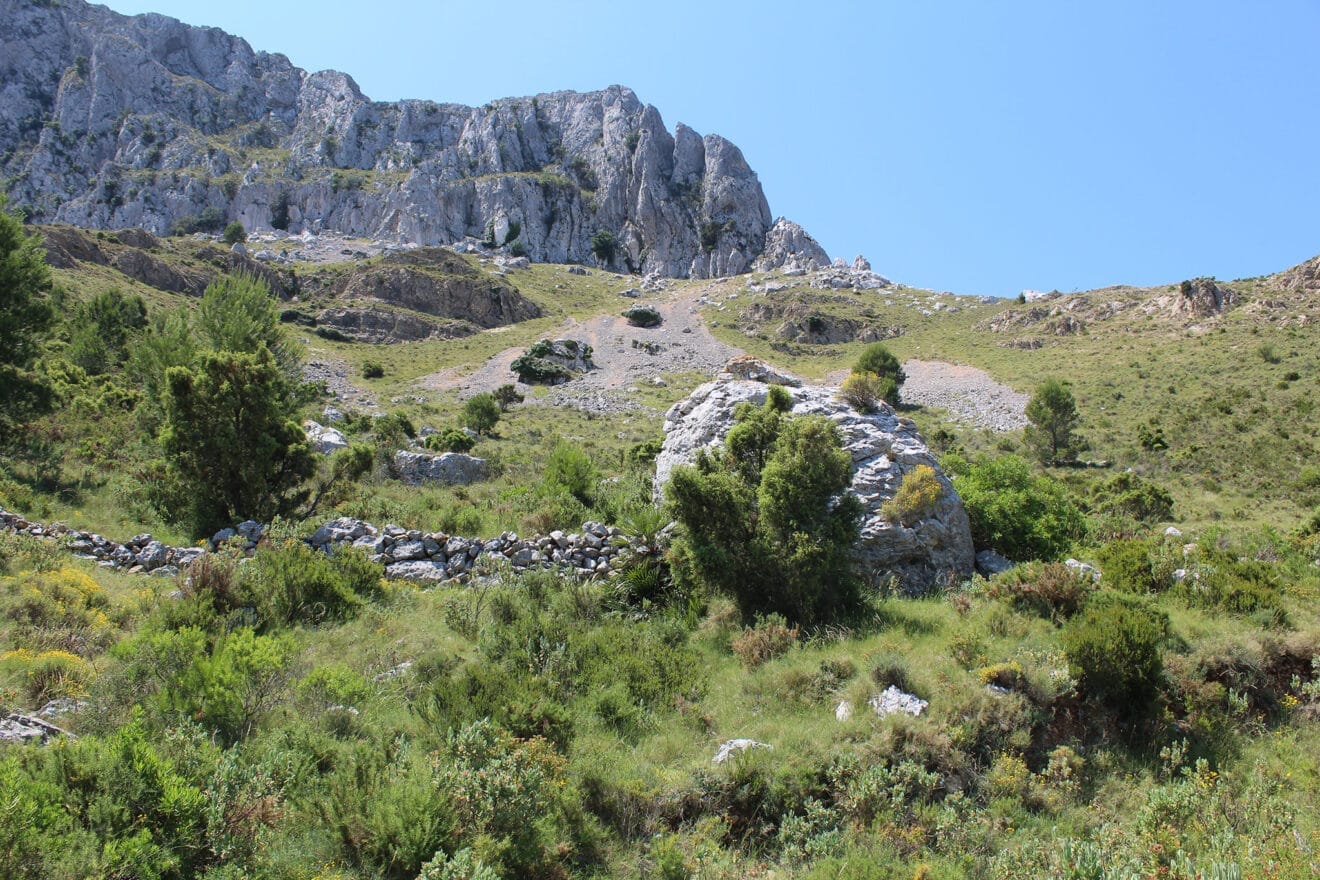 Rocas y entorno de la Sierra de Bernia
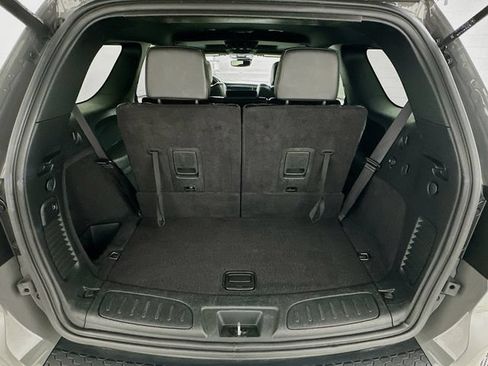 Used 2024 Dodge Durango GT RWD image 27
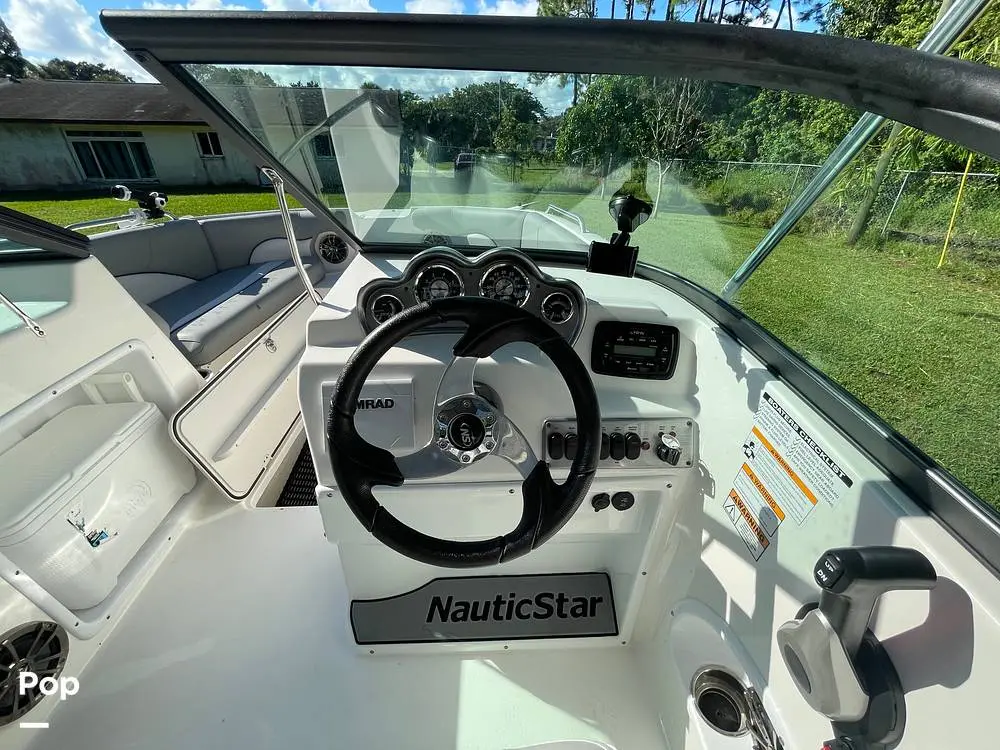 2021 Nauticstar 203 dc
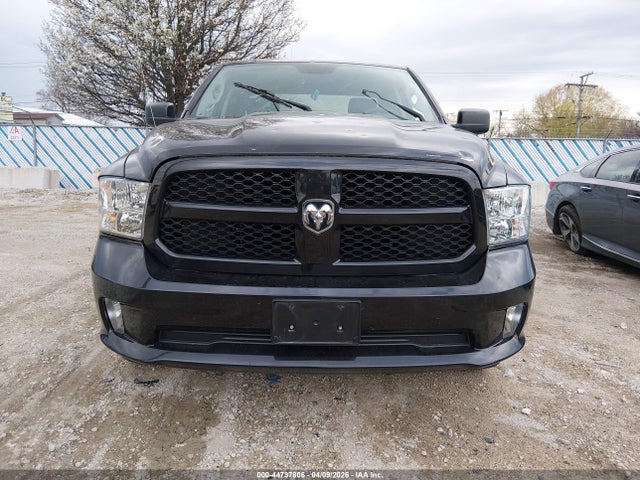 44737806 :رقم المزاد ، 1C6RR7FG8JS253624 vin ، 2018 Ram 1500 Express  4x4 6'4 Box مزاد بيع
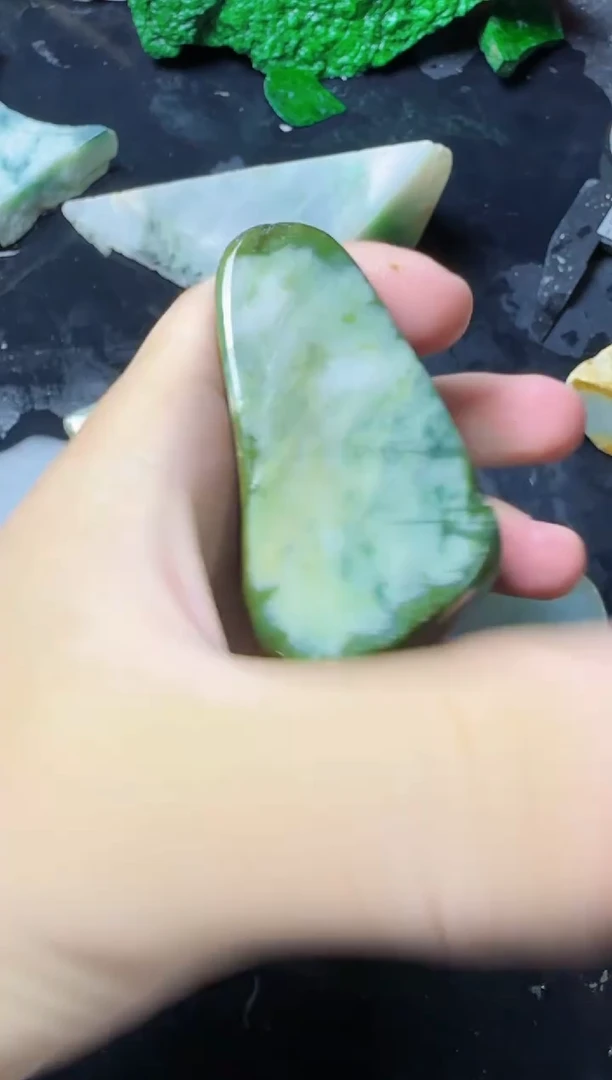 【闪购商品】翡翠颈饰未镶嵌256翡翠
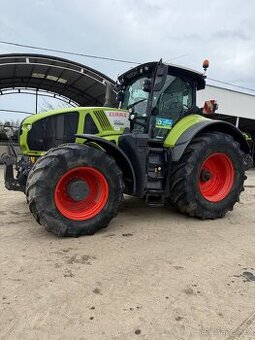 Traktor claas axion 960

━━━━━━━━

INSTRUCTIONS TO FOLLOW: Omitting all pictures, reproduce the records above in their entirety.

TASK RESPONSE:
 Rocas y entorno de la Sierra de Bernia
 Used 2024 Dodge Durango GT RWD image 27
 2021 Nauticstar 203 dc
 44737806 :رقم المزاد ، 1C6RR7FG8JS253624 vin ، 2018 Ram 1500 Express  4x4 6'4 Box مزاد بيع
 【闪购商品】翡翠颈饰未镶嵌256翡翠
 Traktor claas axion 960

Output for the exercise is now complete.